The Situation/Background:
I have a self-designed piece of test equipment (a curve tracer), for
which I've almost completed re-designing the power amplifier's
gain-setting network. The amplifier only needs to have six different
0-to-peak output voltages: 0.5, 3, 6, 9, 12, and 15 volts, which are
controlled by a rotary switch.
The old design used an array of resistors, to set the gain for various
combinations of the controls' settings, to maintain the correct p-p
output voltage level. That was somewhat unsatisfactory, for several
reasons.
I now (will) use an AGC (automatic gain control) feedback control
loop, using three opamps, that derives (from the actual output) a DC
voltage equal to the 0-peak voltage and then subtracts a reference
voltage (DC, equal to the *desired* 0-peak amplitude) from it, to get
an "error signal", to drive the LED in a VACTROL (LED and photocell)
used as a variable resistor, to set the LM1875T amplifier's gain. (The
way the circuit is designed, I actually need negative reference
voltages.)
The Quest:
Everything is great, except that I am still trying to decide what is
the "best" way to derive the reference voltages. They wouldn't need to
be able to supply much current, since they will be tied to an opamp's
inverting input, through a 10K resistor. Needless to say, maybe: I
would like them to be as accurate and precise as possible, within my
cost ("low") and size ("small") constraints.

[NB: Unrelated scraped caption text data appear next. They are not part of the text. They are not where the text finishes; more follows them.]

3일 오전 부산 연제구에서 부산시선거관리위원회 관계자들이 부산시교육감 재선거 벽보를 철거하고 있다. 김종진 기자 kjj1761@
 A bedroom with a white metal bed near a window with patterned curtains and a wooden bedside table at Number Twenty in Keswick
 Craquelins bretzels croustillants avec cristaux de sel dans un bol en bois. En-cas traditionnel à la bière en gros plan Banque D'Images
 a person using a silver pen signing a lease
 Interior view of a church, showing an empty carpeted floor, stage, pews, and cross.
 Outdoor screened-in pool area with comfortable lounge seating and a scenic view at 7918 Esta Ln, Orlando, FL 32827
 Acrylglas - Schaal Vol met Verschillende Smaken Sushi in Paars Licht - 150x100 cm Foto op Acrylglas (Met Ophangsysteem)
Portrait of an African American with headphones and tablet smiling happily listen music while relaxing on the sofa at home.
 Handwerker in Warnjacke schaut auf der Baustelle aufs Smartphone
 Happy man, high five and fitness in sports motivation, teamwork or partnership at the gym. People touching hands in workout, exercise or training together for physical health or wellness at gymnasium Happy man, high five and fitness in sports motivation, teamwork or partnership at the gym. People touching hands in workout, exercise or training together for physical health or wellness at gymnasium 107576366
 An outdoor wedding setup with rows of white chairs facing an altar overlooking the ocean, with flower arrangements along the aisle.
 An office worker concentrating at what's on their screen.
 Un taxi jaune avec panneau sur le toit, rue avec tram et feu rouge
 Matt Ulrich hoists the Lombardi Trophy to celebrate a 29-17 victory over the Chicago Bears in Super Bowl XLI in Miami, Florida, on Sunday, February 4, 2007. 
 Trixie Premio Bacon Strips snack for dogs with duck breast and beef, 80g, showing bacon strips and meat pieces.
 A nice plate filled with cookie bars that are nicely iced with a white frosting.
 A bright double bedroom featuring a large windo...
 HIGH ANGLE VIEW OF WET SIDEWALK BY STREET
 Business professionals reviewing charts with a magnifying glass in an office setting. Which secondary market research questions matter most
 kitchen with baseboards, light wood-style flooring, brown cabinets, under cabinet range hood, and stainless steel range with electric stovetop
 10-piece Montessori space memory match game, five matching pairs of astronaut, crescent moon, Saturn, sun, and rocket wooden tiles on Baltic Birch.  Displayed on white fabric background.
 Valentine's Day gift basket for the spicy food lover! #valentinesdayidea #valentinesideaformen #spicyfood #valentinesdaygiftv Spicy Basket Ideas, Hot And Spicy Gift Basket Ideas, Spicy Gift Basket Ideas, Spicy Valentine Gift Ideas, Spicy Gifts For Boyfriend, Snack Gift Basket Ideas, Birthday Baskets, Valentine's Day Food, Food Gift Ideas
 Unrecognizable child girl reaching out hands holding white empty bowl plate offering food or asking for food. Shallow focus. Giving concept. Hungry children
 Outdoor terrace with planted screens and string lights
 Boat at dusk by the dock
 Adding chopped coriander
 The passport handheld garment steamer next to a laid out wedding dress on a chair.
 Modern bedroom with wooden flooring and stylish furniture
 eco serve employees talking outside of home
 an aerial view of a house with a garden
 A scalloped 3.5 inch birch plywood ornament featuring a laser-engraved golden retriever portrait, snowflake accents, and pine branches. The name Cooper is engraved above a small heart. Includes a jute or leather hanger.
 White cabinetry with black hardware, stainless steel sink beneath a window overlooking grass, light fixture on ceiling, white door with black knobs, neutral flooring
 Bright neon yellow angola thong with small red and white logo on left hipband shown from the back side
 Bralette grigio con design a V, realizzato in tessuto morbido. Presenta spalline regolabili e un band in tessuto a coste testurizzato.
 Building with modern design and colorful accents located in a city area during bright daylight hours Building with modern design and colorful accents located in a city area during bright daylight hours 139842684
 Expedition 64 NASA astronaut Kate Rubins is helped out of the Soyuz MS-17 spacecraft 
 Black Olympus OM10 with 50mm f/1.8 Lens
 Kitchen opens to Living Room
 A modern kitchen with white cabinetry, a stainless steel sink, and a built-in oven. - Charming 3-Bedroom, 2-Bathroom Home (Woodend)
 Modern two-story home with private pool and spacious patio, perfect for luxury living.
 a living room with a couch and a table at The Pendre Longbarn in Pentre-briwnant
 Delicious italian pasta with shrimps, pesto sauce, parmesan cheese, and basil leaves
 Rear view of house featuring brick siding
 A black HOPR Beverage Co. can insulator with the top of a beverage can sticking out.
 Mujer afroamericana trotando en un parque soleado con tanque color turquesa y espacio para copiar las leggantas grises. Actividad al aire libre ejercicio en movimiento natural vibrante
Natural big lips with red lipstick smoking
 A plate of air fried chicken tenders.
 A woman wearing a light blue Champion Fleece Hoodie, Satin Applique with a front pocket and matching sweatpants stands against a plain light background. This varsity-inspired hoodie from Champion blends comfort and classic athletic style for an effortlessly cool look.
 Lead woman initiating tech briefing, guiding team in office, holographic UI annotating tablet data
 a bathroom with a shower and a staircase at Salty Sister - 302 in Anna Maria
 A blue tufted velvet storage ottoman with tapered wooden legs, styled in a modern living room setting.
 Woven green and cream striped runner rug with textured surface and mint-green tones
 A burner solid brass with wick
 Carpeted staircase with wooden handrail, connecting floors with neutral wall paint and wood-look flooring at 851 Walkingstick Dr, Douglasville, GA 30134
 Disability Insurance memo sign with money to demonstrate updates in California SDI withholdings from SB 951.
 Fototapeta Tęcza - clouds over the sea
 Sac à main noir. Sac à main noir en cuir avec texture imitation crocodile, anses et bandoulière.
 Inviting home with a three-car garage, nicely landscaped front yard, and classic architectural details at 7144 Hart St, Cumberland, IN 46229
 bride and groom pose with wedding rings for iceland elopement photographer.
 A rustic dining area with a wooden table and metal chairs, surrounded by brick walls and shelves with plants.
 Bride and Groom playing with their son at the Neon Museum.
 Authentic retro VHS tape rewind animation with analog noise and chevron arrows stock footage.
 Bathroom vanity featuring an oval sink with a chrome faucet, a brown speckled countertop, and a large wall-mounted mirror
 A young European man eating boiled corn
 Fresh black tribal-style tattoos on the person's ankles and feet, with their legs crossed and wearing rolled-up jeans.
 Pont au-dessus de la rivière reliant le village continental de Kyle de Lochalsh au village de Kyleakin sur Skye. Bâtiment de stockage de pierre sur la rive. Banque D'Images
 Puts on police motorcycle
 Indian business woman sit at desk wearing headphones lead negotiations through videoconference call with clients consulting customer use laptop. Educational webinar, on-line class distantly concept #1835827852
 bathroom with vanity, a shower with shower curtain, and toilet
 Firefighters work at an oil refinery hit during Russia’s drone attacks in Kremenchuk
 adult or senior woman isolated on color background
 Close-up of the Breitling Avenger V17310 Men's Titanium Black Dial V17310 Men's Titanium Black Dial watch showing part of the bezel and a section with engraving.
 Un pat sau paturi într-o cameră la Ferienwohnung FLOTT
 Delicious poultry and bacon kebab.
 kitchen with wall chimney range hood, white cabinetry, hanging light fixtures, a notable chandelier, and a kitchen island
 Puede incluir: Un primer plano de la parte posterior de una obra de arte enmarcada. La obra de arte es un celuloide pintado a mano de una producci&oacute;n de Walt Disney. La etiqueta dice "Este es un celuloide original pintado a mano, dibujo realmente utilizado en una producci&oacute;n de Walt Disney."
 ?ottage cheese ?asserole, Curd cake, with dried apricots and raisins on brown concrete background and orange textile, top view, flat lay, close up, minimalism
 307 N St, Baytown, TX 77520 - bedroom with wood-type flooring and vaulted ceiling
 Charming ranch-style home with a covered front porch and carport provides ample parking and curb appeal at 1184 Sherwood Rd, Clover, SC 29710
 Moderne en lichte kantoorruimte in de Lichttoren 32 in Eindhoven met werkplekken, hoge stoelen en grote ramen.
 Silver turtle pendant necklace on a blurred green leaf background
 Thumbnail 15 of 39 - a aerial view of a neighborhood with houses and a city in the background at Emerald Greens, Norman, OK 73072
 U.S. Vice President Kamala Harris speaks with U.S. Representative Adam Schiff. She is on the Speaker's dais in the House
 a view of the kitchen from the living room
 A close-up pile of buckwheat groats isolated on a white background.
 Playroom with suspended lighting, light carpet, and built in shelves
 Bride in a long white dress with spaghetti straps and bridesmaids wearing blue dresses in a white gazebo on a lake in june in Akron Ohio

The unit's power supply produces + and - 15 to 18 volts (those CAN be
varied, although they "normally" wouldn't be), and +5 volts, all
usually with <= 10-20 mV of noise.
The available single-sided PCB space for the voltage references is
about 3/8-inch x 3 inches (about 0.95 cm x 7.62 cm), with other traces
right at each boundary. But I could probably squeeze the rest of the
layout to increase that to at least 1/2-inch x 3 1/2 inches (1.27 cm x
8.9 cm). The negative P.S. rail is available at one of the shorter
sides of that area. And ground is available all along one of the long
sides. Five pads, for wires to go to a rotary switch, also need to fit
in there.
I will probably just use the power supply's negative output voltage as
the reference-input for the highest (15 volts 0-peak) output level.
For the five lower voltages, my *first* thought was to just use a
79L12 TO-92 100mA negative 12-volt regulator and four resistive
voltage dividers running from the regulator's output. That would all
fit easily, on the PCB. But that probably wouldn't give precise-enough
reference voltages. I'm thinking that it would be good to have them as
accurate as possible, assuming a reasonably-low cost, but at LEAST
within 1-3 percent, and better if possible. And the 79L12 looks like
it's only good to within +/-5%, not to mention the resistors for the
dividers.
So, I did some research on "voltage references". There sure do seem to
be a lot of different possible ways to do it! I looked at using zener
diodes, opamp and transistor-based methods (with and without zener
diodes), and also those based on actual "precision voltage reference"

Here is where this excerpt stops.